┌────────
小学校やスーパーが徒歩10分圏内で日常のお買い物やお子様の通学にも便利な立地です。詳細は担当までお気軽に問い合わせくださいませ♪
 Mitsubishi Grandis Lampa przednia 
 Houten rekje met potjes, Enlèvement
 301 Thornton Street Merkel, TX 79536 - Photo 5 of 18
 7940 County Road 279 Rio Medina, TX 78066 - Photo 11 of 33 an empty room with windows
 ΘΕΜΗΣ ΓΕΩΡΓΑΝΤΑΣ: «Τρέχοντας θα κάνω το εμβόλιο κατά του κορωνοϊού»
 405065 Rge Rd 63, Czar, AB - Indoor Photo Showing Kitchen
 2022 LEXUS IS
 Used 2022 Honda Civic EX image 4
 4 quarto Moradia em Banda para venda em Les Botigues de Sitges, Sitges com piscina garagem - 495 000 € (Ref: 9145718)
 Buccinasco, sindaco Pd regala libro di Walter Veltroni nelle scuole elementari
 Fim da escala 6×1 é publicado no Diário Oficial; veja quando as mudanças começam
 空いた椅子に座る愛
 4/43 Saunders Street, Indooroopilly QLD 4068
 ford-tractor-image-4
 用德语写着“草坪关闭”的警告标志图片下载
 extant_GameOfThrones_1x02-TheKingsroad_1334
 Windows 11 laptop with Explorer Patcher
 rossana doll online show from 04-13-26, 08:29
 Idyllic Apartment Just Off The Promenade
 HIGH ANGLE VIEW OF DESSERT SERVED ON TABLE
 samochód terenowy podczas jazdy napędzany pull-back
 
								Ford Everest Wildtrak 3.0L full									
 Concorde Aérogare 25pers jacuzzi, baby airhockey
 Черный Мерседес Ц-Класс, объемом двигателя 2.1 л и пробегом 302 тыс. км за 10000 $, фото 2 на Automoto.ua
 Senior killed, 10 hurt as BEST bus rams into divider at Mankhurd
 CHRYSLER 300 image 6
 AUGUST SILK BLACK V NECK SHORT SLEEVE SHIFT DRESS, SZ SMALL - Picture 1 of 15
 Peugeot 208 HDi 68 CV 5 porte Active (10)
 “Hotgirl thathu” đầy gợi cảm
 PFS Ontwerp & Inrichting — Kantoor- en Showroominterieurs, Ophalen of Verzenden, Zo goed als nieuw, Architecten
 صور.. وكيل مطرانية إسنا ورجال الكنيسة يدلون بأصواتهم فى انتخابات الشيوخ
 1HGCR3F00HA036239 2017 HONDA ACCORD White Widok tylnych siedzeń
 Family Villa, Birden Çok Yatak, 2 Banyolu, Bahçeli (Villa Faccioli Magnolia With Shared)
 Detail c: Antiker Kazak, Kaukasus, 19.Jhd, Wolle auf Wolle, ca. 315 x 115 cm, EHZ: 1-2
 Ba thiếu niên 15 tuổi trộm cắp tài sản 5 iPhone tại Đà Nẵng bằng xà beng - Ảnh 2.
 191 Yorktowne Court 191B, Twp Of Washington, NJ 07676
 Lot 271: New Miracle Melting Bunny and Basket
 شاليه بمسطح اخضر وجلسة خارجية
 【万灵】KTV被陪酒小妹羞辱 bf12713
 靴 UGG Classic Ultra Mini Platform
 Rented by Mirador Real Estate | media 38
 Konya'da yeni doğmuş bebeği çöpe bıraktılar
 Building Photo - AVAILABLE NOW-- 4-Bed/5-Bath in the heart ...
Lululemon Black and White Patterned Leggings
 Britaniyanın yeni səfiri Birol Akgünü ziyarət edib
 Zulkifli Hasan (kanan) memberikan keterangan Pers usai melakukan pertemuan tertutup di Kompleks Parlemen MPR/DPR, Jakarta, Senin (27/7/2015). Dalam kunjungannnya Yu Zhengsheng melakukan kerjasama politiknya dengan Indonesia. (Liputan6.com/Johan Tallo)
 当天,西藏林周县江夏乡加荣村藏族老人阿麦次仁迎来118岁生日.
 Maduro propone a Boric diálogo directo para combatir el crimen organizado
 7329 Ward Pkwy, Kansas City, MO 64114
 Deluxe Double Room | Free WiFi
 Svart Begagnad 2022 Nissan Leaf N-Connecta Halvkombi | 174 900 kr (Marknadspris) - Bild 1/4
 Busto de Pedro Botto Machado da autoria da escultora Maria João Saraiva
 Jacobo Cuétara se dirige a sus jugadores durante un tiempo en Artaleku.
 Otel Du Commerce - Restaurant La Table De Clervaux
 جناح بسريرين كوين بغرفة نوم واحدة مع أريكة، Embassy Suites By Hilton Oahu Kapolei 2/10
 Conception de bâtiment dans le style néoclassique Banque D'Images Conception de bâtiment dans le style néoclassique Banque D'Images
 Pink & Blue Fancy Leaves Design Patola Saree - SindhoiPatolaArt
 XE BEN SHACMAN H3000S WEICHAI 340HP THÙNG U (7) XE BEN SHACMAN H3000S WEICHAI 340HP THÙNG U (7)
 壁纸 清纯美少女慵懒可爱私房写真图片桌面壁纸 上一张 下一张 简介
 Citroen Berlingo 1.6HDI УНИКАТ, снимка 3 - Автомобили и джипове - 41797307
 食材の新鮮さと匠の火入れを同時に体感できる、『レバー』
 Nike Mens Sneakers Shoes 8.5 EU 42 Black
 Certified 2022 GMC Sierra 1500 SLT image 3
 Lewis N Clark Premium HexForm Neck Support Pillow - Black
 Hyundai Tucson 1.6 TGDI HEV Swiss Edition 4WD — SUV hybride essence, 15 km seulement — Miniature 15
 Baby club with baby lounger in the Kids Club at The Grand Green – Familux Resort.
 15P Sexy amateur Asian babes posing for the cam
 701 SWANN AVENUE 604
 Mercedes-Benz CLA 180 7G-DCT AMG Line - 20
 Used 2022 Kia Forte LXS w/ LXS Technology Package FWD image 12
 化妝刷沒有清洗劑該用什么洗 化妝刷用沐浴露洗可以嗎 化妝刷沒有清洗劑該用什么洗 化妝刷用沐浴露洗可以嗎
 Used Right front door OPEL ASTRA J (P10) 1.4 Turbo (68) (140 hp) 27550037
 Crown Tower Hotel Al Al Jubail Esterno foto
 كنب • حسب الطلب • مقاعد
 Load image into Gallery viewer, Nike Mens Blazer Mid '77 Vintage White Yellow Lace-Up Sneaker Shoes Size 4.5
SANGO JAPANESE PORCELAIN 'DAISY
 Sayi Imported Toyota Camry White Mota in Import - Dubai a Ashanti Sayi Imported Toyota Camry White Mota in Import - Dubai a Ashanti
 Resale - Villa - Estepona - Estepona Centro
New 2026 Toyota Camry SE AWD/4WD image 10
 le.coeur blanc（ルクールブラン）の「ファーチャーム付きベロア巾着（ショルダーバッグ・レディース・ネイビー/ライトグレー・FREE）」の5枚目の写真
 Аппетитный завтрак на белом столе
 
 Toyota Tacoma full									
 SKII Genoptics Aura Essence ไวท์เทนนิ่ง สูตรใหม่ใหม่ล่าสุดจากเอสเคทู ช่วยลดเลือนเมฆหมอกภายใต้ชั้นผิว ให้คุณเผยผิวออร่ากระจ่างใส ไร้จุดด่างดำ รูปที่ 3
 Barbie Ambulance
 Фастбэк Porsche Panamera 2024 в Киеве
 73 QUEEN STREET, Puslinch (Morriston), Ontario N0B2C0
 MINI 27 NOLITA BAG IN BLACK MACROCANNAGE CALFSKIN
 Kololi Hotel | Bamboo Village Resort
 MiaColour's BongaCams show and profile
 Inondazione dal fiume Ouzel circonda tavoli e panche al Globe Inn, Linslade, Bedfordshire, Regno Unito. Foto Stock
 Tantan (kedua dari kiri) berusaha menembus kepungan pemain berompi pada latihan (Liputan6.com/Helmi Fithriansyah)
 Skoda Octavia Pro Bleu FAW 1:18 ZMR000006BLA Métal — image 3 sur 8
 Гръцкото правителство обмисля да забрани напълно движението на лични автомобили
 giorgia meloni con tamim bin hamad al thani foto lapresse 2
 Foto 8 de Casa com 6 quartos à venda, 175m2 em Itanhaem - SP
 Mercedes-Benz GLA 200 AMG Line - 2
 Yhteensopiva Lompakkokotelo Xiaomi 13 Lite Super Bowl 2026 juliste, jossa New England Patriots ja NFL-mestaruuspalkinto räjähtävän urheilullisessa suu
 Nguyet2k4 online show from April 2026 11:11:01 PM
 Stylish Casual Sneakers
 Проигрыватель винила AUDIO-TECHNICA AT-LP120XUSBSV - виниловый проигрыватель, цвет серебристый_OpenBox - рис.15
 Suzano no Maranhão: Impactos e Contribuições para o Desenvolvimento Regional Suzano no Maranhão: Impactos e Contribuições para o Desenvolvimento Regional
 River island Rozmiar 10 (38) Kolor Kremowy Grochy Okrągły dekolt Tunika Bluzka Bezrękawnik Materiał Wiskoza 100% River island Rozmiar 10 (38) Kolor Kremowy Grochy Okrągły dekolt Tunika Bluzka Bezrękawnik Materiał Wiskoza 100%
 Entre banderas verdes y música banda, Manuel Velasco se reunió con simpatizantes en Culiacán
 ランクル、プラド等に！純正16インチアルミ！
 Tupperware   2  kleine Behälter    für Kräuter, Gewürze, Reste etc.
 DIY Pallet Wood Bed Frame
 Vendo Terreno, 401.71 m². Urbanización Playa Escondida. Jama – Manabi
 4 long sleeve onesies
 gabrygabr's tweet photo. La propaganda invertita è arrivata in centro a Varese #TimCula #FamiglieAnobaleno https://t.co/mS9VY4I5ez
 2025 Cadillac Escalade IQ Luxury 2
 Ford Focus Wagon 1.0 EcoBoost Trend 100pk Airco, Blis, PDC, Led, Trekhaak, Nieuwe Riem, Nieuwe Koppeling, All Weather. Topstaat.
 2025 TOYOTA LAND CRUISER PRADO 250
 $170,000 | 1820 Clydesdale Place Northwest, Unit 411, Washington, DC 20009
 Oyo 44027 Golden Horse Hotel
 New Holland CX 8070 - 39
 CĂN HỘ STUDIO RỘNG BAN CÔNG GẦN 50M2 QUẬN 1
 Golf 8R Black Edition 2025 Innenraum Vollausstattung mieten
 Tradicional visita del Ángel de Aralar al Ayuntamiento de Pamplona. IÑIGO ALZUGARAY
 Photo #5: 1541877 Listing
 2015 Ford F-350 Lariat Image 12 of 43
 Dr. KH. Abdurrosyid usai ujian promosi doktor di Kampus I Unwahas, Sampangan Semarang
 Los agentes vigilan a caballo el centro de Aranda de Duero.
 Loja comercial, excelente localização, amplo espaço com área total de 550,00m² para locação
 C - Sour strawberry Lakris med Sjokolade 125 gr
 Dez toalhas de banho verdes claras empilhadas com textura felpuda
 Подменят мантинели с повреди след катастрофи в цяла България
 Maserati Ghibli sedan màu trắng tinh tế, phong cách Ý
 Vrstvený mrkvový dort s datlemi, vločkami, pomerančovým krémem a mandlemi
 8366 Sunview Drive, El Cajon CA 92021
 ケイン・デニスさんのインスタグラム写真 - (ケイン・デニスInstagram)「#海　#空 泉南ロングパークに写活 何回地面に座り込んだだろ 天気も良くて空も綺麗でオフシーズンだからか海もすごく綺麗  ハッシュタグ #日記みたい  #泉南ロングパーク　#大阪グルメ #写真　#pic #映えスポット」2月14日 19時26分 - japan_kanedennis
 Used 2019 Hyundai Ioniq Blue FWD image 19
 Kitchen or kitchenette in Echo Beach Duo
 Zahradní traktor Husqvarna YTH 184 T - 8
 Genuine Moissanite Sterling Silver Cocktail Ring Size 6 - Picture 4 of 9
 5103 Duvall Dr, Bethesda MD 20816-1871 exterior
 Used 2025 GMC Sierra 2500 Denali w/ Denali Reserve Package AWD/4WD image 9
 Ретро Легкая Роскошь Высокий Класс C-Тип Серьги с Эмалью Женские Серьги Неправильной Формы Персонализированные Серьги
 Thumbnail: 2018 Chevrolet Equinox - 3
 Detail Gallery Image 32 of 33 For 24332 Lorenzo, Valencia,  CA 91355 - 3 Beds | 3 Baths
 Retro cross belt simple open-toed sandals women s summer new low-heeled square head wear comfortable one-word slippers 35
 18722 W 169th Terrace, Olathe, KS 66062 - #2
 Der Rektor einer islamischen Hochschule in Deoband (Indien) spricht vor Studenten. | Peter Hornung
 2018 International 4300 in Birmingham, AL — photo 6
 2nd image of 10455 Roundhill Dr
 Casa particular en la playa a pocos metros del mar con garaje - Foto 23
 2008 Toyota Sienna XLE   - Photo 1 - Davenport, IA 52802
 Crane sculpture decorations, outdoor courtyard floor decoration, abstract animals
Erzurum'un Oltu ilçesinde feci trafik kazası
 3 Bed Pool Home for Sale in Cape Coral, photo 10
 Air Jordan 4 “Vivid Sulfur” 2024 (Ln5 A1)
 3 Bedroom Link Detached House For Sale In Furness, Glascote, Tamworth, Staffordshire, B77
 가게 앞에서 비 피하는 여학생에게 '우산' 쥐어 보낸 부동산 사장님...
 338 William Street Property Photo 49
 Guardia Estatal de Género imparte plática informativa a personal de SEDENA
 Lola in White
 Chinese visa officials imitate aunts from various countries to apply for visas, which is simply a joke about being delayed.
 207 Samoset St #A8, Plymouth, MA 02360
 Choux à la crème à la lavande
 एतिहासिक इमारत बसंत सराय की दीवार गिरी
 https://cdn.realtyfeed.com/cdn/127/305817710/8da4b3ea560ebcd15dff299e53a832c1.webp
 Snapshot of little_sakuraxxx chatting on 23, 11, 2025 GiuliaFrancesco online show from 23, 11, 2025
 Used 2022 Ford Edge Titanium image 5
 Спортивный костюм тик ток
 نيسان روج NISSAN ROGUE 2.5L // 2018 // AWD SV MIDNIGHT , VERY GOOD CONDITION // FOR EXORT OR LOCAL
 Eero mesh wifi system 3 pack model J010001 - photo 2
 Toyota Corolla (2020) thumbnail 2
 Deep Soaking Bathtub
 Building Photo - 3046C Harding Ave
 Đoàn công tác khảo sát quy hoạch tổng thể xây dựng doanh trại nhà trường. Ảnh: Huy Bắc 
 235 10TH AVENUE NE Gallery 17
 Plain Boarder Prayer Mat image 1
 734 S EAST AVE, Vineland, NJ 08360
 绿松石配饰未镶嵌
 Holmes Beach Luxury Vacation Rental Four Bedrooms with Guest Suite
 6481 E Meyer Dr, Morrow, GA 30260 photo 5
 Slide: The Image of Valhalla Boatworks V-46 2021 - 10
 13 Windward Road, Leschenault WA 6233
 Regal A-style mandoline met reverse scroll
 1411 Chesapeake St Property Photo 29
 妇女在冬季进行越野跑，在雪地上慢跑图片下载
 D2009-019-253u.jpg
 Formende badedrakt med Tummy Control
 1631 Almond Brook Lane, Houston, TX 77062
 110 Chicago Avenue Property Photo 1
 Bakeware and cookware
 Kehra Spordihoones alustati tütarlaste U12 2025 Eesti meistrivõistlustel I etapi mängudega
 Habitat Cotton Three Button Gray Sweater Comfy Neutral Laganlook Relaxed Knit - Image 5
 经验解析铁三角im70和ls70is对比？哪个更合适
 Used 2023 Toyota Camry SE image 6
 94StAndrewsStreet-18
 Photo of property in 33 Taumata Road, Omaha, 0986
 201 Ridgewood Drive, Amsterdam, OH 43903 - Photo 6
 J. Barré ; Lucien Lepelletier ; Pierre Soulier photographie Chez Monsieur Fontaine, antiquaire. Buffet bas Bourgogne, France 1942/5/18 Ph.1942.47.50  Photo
└────────
→ **Assignment**
Return only the part of the records above that opens with the line containing "191 Yorktowne Court" and closes with the line containing "Zulkifli Hasan (kanan)", ends included.

→ **Written reply**
 191 Yorktowne Court 191B, Twp Of Washington, NJ 07676
 Lot 271: New Miracle Melting Bunny and Basket
 شاليه بمسطح اخضر وجلسة خارجية
 【万灵】KTV被陪酒小妹羞辱 bf12713
 靴 UGG Classic Ultra Mini Platform
 Rented by Mirador Real Estate | media 38
 Konya'da yeni doğmuş bebeği çöpe bıraktılar
 Building Photo - AVAILABLE NOW-- 4-Bed/5-Bath in the heart ...
Lululemon Black and White Patterned Leggings
 Britaniyanın yeni səfiri Birol Akgünü ziyarət edib
 Zulkifli Hasan (kanan) memberikan keterangan Pers usai melakukan pertemuan tertutup di Kompleks Parlemen MPR/DPR, Jakarta, Senin (27/7/2015). Dalam kunjungannnya Yu Zhengsheng melakukan kerjasama politiknya dengan Indonesia. (Liputan6.com/Johan Tallo)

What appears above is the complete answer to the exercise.